# [Supplied data]
◆ ◆ ◆ ◆ ◆ ◆ ◆

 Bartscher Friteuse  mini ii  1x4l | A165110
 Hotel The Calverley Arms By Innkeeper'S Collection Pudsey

◆ ◆ ◆ ◆ ◆ ◆ ◆

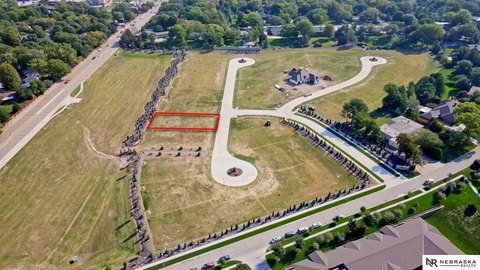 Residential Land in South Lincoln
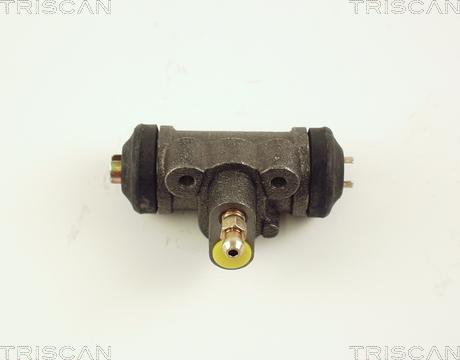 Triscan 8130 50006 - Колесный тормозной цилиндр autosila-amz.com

◆ ◆ ◆ ◆ ◆ ◆ ◆

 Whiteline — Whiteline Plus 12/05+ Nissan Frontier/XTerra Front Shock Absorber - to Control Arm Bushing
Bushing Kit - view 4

◆ ◆ ◆ ◆ ◆ ◆ ◆

# [Activity]
Your answer should consist of all lines in the listing above that contain "Bushing".

# [Exercise answer]
 Whiteline — Whiteline Plus 12/05+ Nissan Frontier/XTerra Front Shock Absorber - to Control Arm Bushing
Bushing Kit - view 4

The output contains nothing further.